The Pentagon is again signaling the release of the long-awaited Missile Defense Review is imminent.
John Rood, under secretary of defense for policy, said the review would be out in "the next few weeks" during a Missile Defense Advocacy Alliance event on Capitol Hill today.
"I'm very desirous of pushing it out as soon as we can," Rood said. "Hopefully, we'll get through the final hurdles in the department to do that very soon."
Pentagon officials originally said the MDR would follow on the heels of the Nuclear Posture Review released on Feb. 2, since the two policy documents are supposed to be tightly linked. U.S. Strategic Command chief Gen. John Hyten has argued the two reviews should be combined.
After the review was not released in February, however, Rood told the Senate Armed Services Committee in March that the Defense Department was weighing "competing approaches" to the missile defense problem. He said then it would take "a couple months" to finish the review.

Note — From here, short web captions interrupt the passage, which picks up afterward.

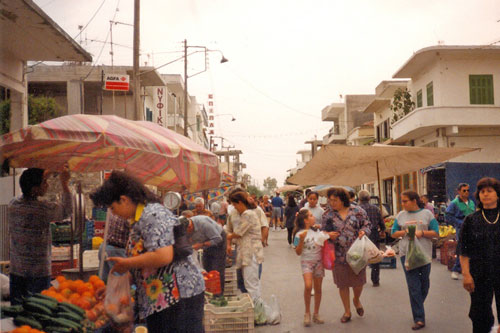 Markt in Mires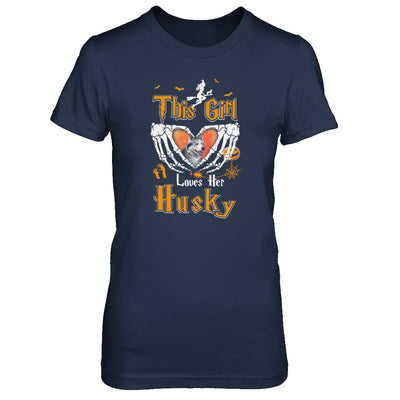 This Girl Love Her Dog Husky Halloween T-Shirt & Tank Top | Teecentury.com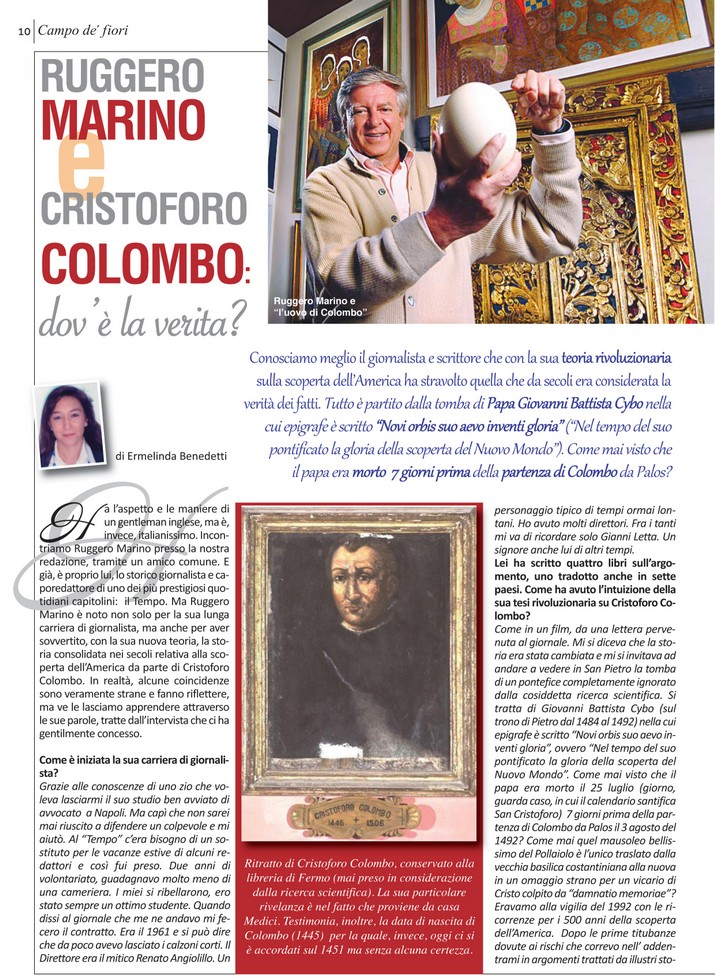 RUGGERO MARINO E CRISTOFORO COLOMBO: DOV'È LA VERITÀ?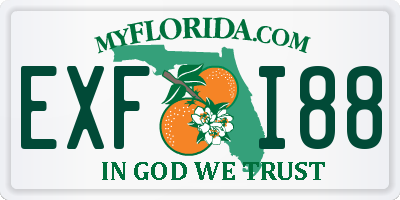 FL license plate EXFI88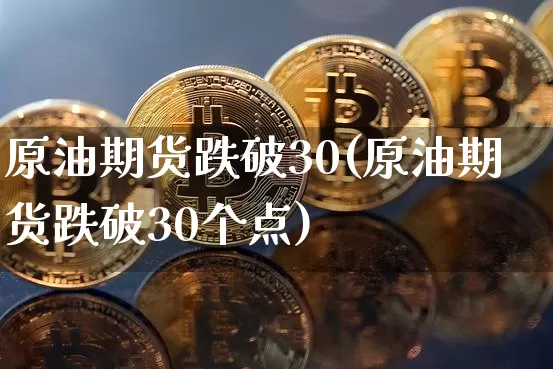 原油期货跌破30(原油期货跌破30个点)_https://www.tuogunzhijia.com_道指期货_第1张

"Right now, we still have some internal discussions in the department to work through -- different opinions, as you'd expect, on certain questions," he said during the March 22 hearing.
Since then, however, the MDR has yet to be completed, with little explanation from the Pentagon.
The new document will update and replace the policy set by the 2010 Ballistic Missile Defense Review. As evinced by the name change, the MDR focuses on a wider range of threats, to include cruise missiles and hypersonic weapons, according to Rood.
Since it is driven by the new National Defense Strategy, however, the MDR will also have an increased focus on China and Russia. During the Obama administration, officials said U.S. missile defenses were aimed at the "limited threat" from Iran and North Korea, not the larger strategic arsenals of China and Russia.
During today's MDAA event, Michael Griffin, the under secretary of defense for research and engineering, said he does not care if China and Russia are threatened by potential U.S. plans to deploy space-based missile defenses, considering those countries are trying to weaponize hypersonic flight and space. Meanwhile, North Korea and Iran also remain threats, he said.
"Somewhere well down on my priority list is caring about what other people think," he said during the MDAA event, which was focused on space-based missile defense. "We just cannot afford to do that, and by creating a geopolitical policy environment where those kinds of considerations are surfaced, by even allowing ourselves to even be drawn into that discussion, we do ourselves and our allies and partners a disfavor."
However, Rood said his job in the policy office at DOD is to consider Russian and Chinese views, even if they are potential adversaries.
"Mike, God love him, his role is the development of new capabilities to defend the United States," Rood said. "When he says he doesn't have time to concern himself with the views of other nations, of course that's policy's role. We do spend a lot of time concerning ourselves with those questions."